It has long been tempting to treat people as independent contractors.
Employers are not required to pay social security, unemployment insurance,
and workers' compensation insurance taxes on independent contractors.
They are also not obliged to provide independent contractors with fringe
benefits. Moreover, independent contractors are not protected by minimum-wage
and overtime requirements.
While this may sound enticing to the unsophisticated employer, the risks
of such misclassification are substantial.
Both the IRS and the Department of Labor have been cracking down on
businesses that misclassify individuals as independent contractors.

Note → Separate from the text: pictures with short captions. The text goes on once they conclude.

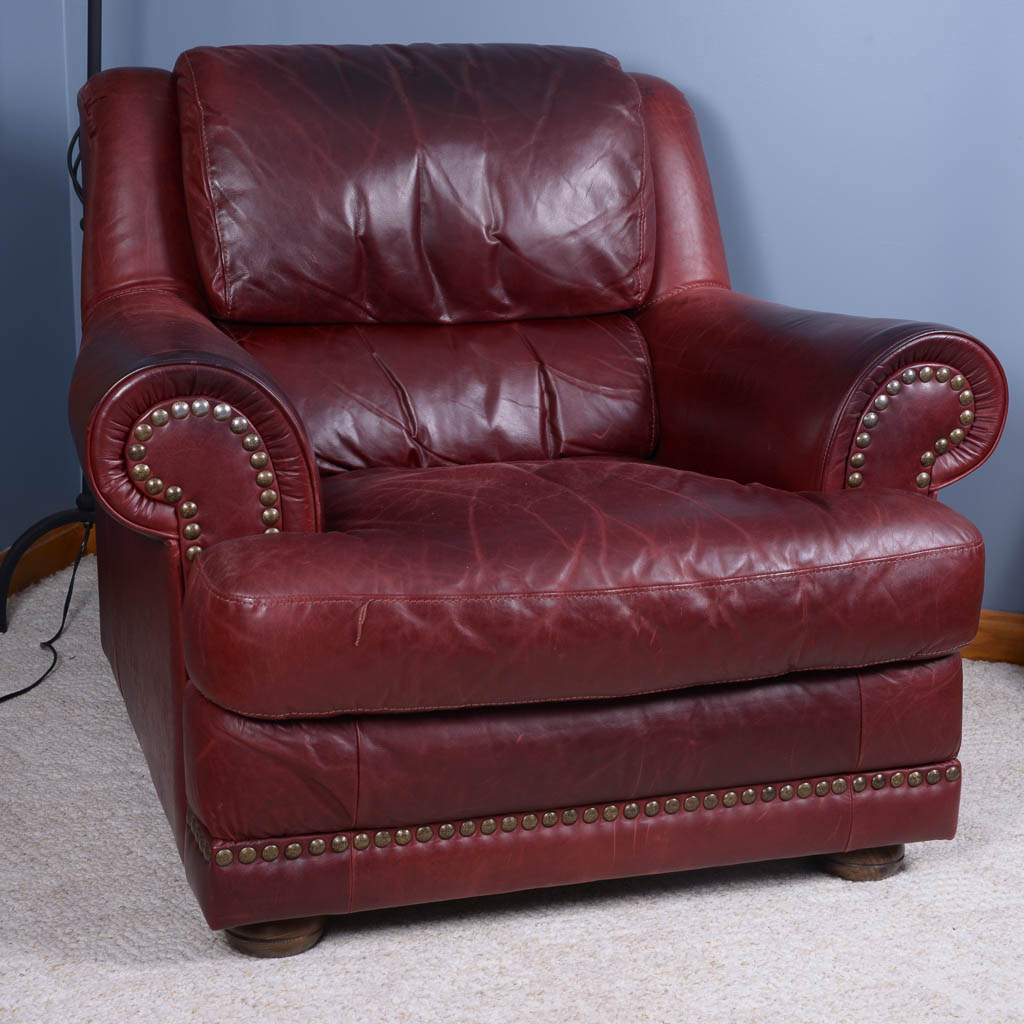 Natuzzi Burgundy Leather Armchair and Ottoman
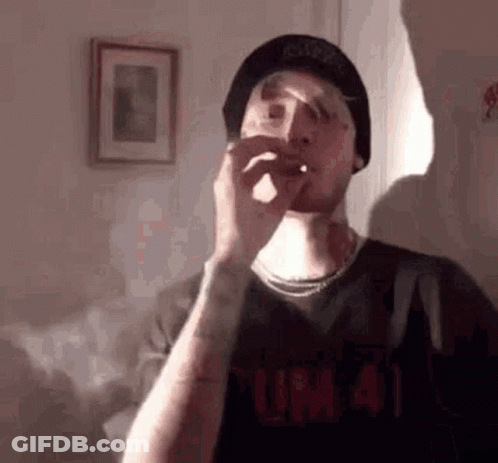 Man In Hat Smoking Cigarette In Living Room GIF
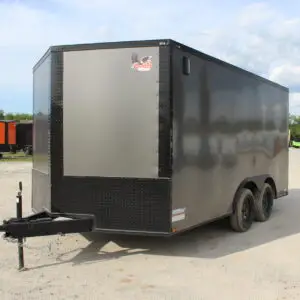 Black enclosed dual-axle cargo trailer on gravel lot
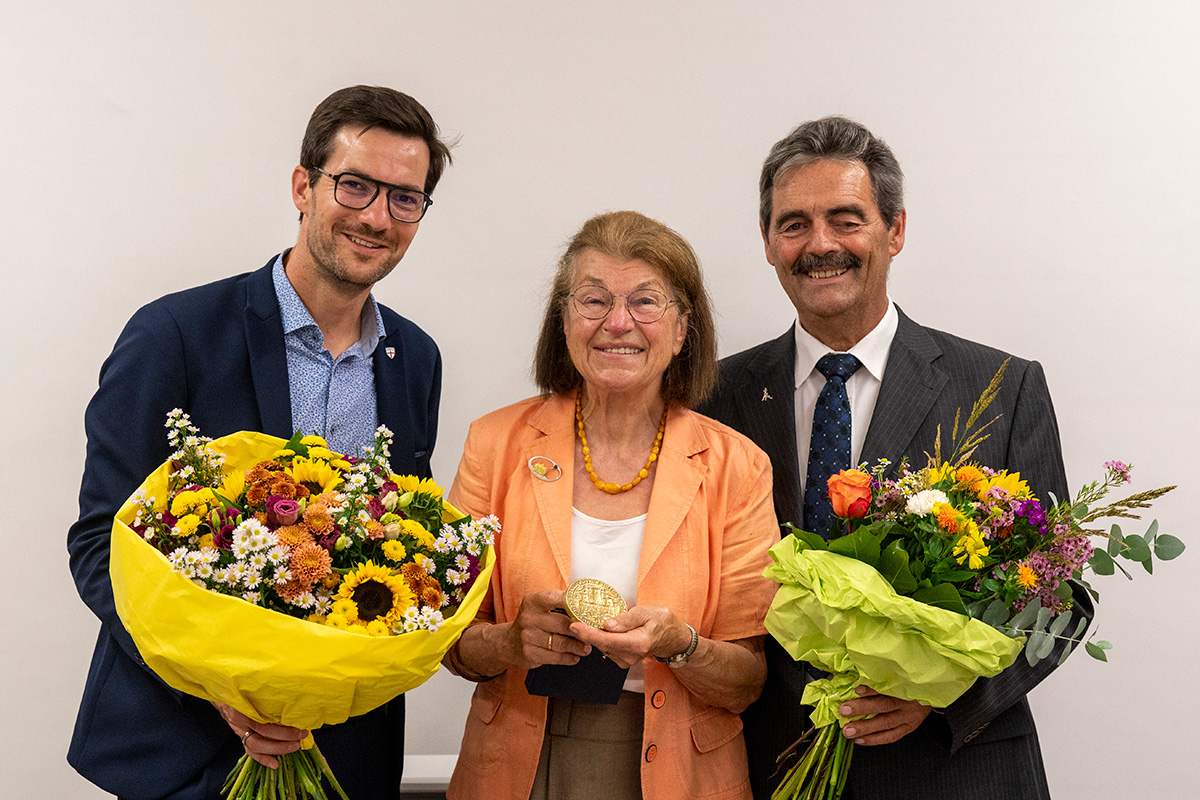 Martin Horn und Bernhard Schätzle mit Blumensträußen, in der Mitte Sigrun Löwisch mit dem goldenen Stadtsiegel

And
random audits by the Department of Labor have increased in recent years.
Employers found to have misclassified workers as independent contractors
may have to pay back unemployment, workers' comp and social security
taxes, as well as the employee's share of taxes not withheld from the
paycheck. Employers may also face civil and criminal penalties and liability
for overtime.
Thus, it is critical that businesses understand how the IRS and the
Department of Labor determine whether a worker is an independent contractor.
It is not sufficient to just work out a deal with the so-called independent
contractor. If that individual files for unemployment benefits or is
hurt on the job and files for workers' compensation benefits, these agreements,
absent factual support for them, are of little value.
Independent contractors generally advertise themselves to the public,
are free to work for whomever they wish, set their own hours, and are
paid by the job (as opposed to by the hour). Independent contractors
bear a risk of losing money in doing business; employees have no such
risk. Independent contractors generally have their own workers' compensation
coverage and are not supervised on a day-to-day basis.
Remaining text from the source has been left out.